What is the outlook from here?
There are some potential headwinds facing the technology sector in the near term. For one, the overly dovish market outlook on the Fed may lead to near-term de-rating of equity multiples as the market re-adjusts its expectations going forward or if such expectations are not met by reality. However, the weak outlook on growth and the fact that the current rate hiking cycle is at its tail-end, it is unlikely that yields will rise materially from hereon. With narrow upside risks to yields, the headwind on technology multiples likely will be limited as well.
As with most other sectors, margin compression will be a key risk to watch in the coming quarters, as disinflation momentum lowers firms’ pricing power, while high labor costs might remain sticky. This cautious earnings outlook is reflected in the muted positive reaction of prices of stocks that beat earnings expectations in 1Q23. However, the magnitude of margin compression will depend on the effectiveness of the cost reduction measures undertaken by companies. In particular, many technology companies have moved to adjust the size of their workforce since December 2022, benefiting margins in the latest quarterly results. Going forward, less labor-intensive companies with steady recurring revenues within the technology sector, such as software, may have more durable margins, not to mention the potential for AI to further enhance efficiency and optimize costs over the long run.

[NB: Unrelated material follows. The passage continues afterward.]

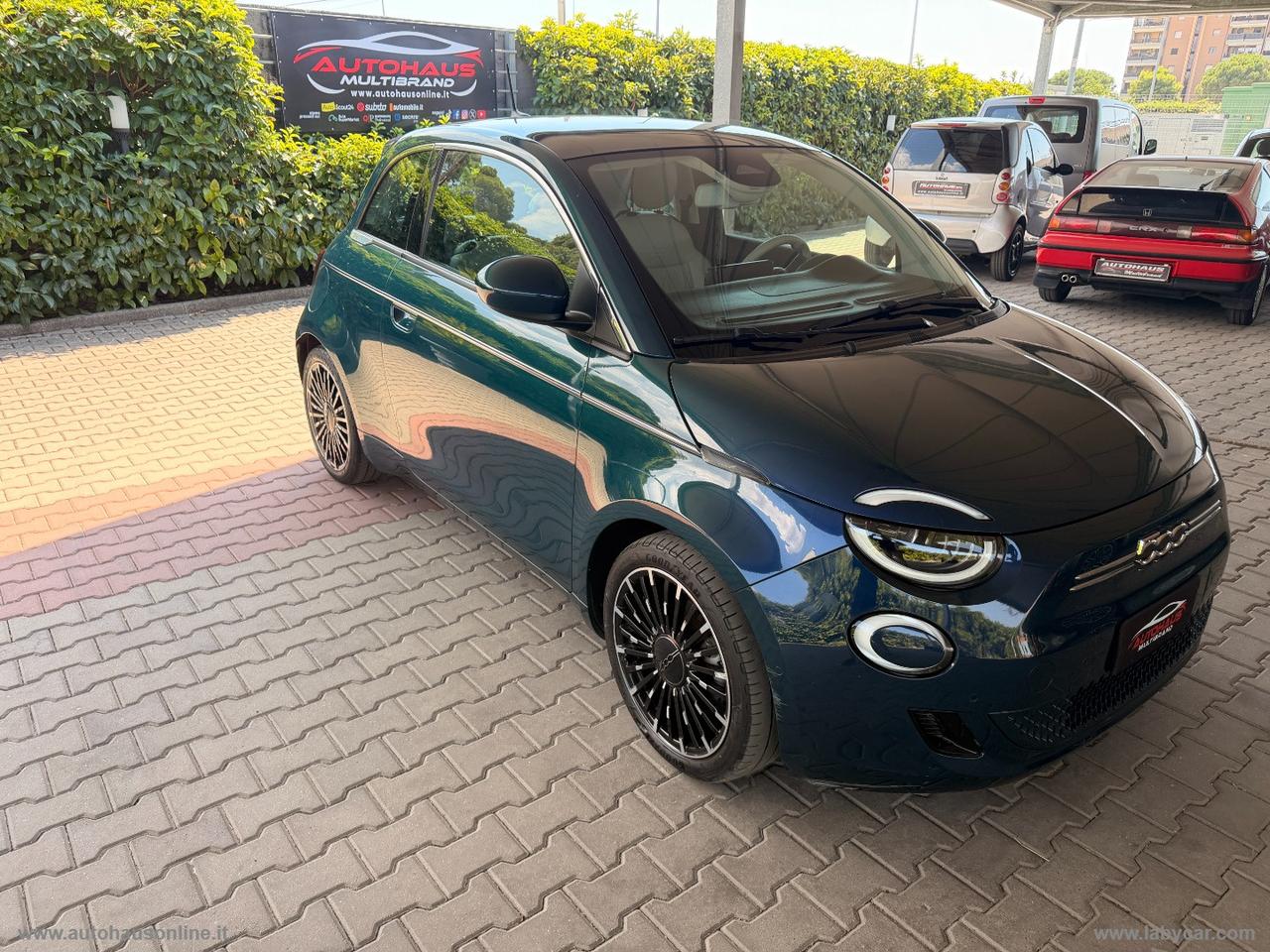 FIAT 500 La Prima Berlina 42 kWh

While we still maintain a preference of high quality fixed income over equities, within equities, technology stocks could surprise in a downturn protecting on the downside. For example, despite the YTD technology rally, in the event of an economic downturn, high quality technology stocks could prove to be relatively resilient compared to other sectors, given their strong balance sheets and defensive nature, as seen in Exhibit 2. In fact, fundamentals of large cap technology stocks have improved since the dot com bubble, with less leverage, more cash, higher profitability and productivity.
Exhibit 2: Asset class returns in weakening economic climate
Annualised month returns when global PMI manufacturing falls*, 1998-2003
Source: FactSet, JP Morgan Asset Management. *Refers to periods where PMI is falling, regardless of whether it is lower than or higher than 50. Data as of latest available on 05/19/23.
Even at elevated valuations, technology stocks can display defensive qualities, not to mention that the risk of de-rating has lowered with limited upside to yields, and that multiples for sectors like software-as-a-service has also come down significantly from its 2020-2023 highs.
When getting exposure to this sector, investors should also bear in mind that disruptions could drive shifts in market leadership overtime, thus, being selective and picking businesses with high quality growth is key.